Niemals hat Meier eine Nacht
den Luftschutzwachdienst mitgemacht
Er wußt, was Antinazi-Pflicht
War er bestimmt, so kam er nicht.
Er hat stattdessen ungestört
Sich Radio London angehört
Mit Zittern und mit Zähneklappern,
Und dann, die Angst, sich zu verplappern!
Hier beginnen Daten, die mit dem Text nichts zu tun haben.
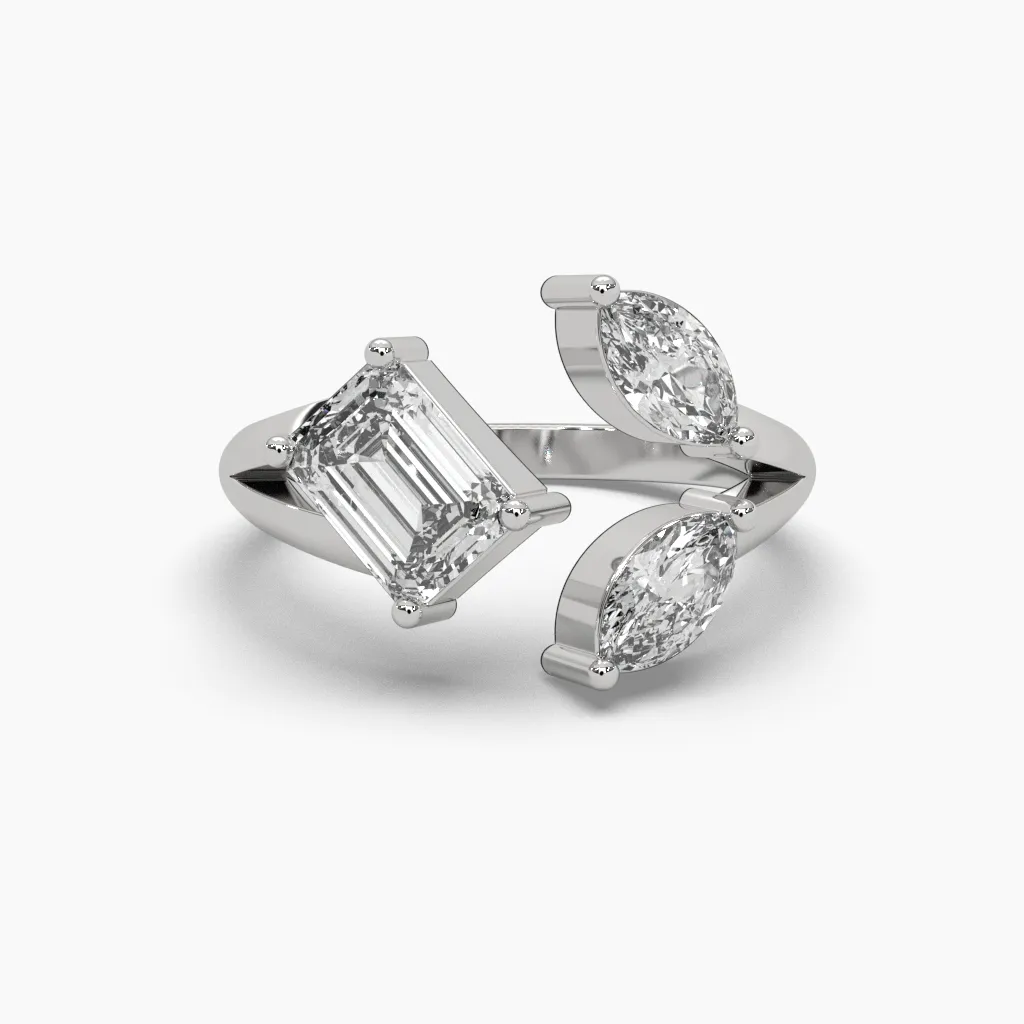 Anillo oro blanco 14k con circonias corte esmeralda y circonias marquiz.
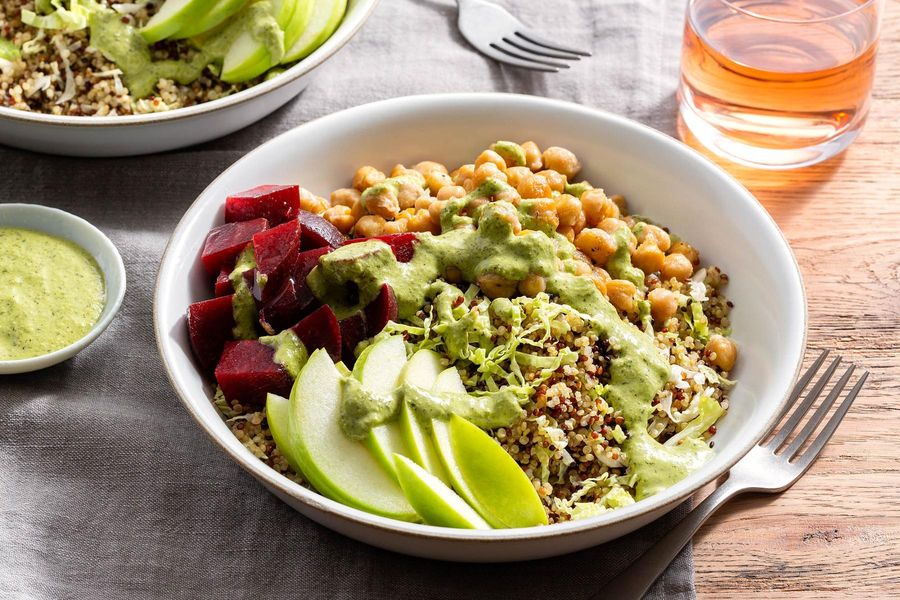 Quinoa and chickpea bowls with beets and tahini goddess dressing
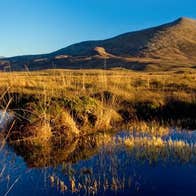 A reflection on the lake of the mountains within Ballycroy National Park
Die Kirche, die besucht er fleißig,
Bis daß im Jahre 38
Er aus der Kirche ausgetreten.
Er wollt‘ nicht für den Führer beten.
Und 45 trat er wieder
Zum Kreise der Gemeindeglieder.
Als alles mußt zum Volkssturm gehen,
Ward Meier nirgendswo zu sehn,
10 Zeugen sind dafür vorhanden,
die Meier suchten und nicht fanden.
Die letzten Wochen sowieso
Bewachte ihn die Gestapo
Und eine Liste existiert,
Auf der Herr Meier schon notiert
Man hätt ihn ins KZ gebracht
Hätt‘ der Ami nicht so schnell gemacht.
So war er wohl in der Partei
Doch richtig war er nie dabei.
Ja, Amt und Würden hatt er schon
doch trat er niemals in Aktion
Und hat er jemals sich betätigt
Wurd er gezwungen und genötigt,
Gedrängt, gestossen, schikaniert,
bedrückt, gepeinigt, malträtiert,
Bedroht, verängstigt und betrogen
bekämpft, bespitzelt und belogen
zermürbt, geschädigt, aufgewiegelt
verhetzt, mißhandelt und geprügelt.
Nach alledem ist klipp und klar,
dass Meier Antinazi war
und ist, kein Zweifel dürft bestehn –
als voll entlastet anzusehn.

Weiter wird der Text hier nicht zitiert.